It’s an adrenalin-filled children’s game that’s been practiced around the world for centuries. Challenged by their pals, kids select a category and then complete a task as a show of honesty, courage or physical prowess.

Now mental health researchers in Australia are using the same format in an app.

Known as ‘Goalzie’, the software is designed to build help-seeking behaviour and goal-setting skills in young people interacting in an online setting.

Based at the University of South Australia, Dr Barbara Spears and Dr Carmel Taddeo worked with colleagues at the Young and Well Cooperative Research Centre to develop and trial Goalzie.

“Through Goalzie, we want young people to be able to reach out, set goals and practice their skills in these areas,” said Dr Spears.

“Then when a big problem arises in their life, they’ve already developed the habit of connecting with and speaking to others.”

Goalzie works as an app within the social networking site Facebook.

Once downloaded, it allows users to challenge their friends to complete a task.

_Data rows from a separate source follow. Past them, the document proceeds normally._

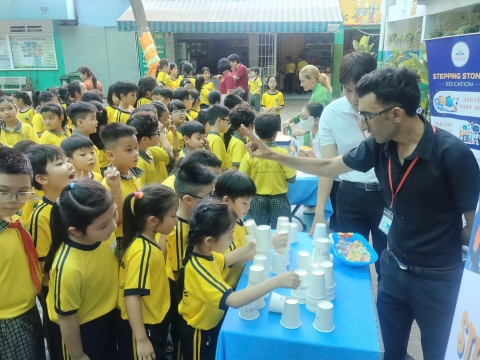 EVENT ENGLISH TRƯNG TRẮC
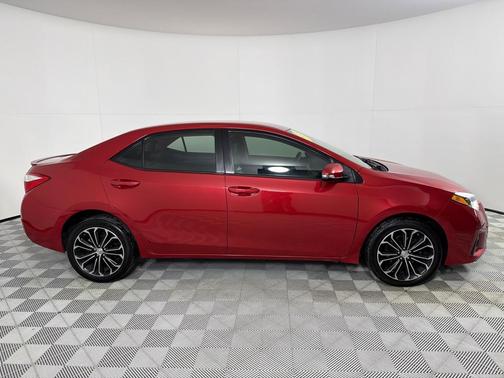 2015 Toyota Corolla S Plus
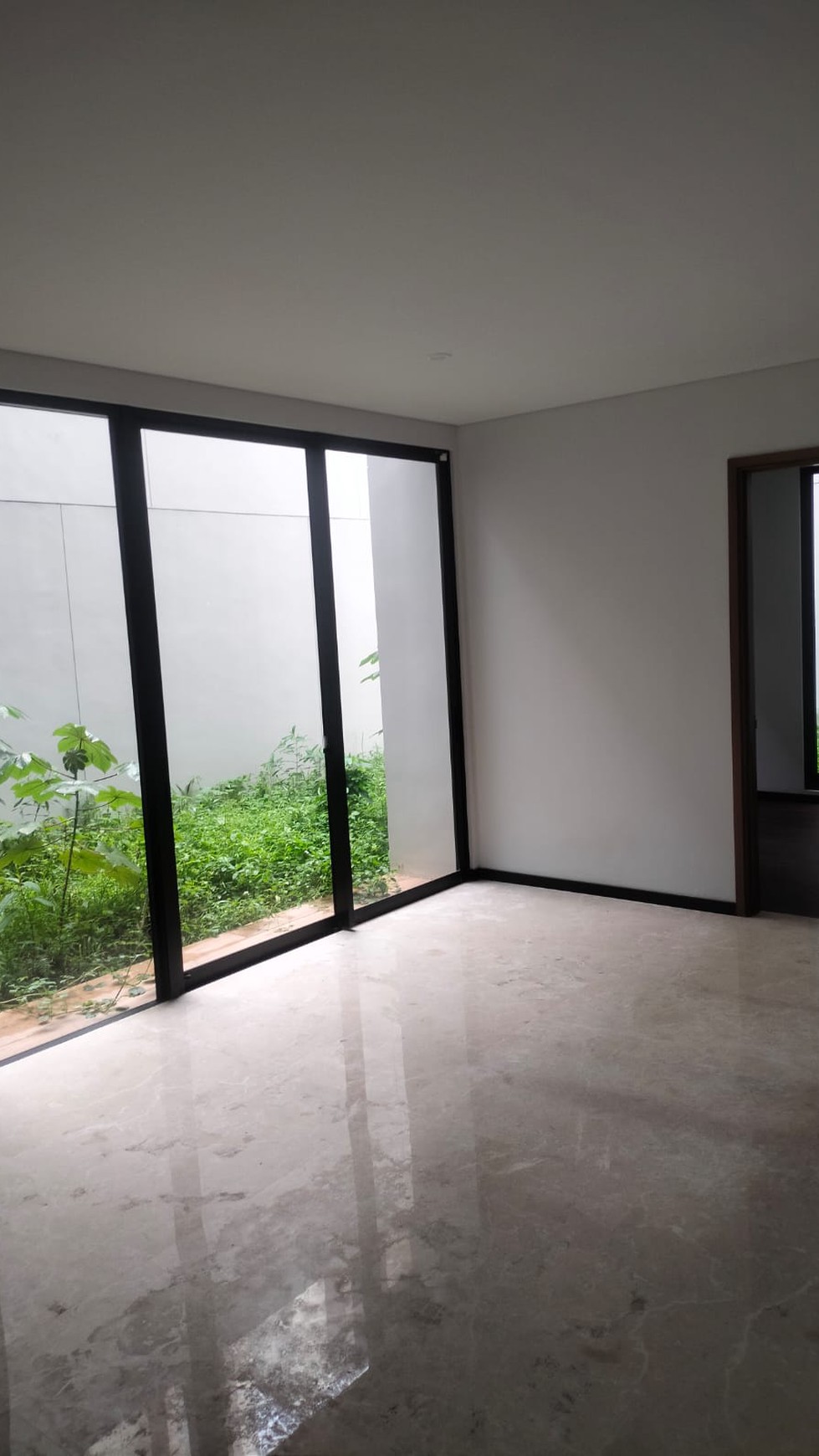 Best Offer. Rumah Mewah Zora Kazumi, Bsd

Challenges might be physical, such as doing a dance work out; may target self-regulation, such as giving up chocolate for a week; or encourage creativity, such as making a Vine video.

The decision to place Goalzie within Facebook was driven by safety considerations, and by knowledge of how people prefer to interact within their own established online networks.

“You can only issue Goalzie challenges within your existing friendship group,” explained Dr Spears.

“This is what makes it fun, and the users have confidence in already knowing who they’re talking to.”

Dr Jamiee Stuart is a Research Fellow in Psychology at the Victoria University of Wellington, and works at the interface of social media, resilience and mental health.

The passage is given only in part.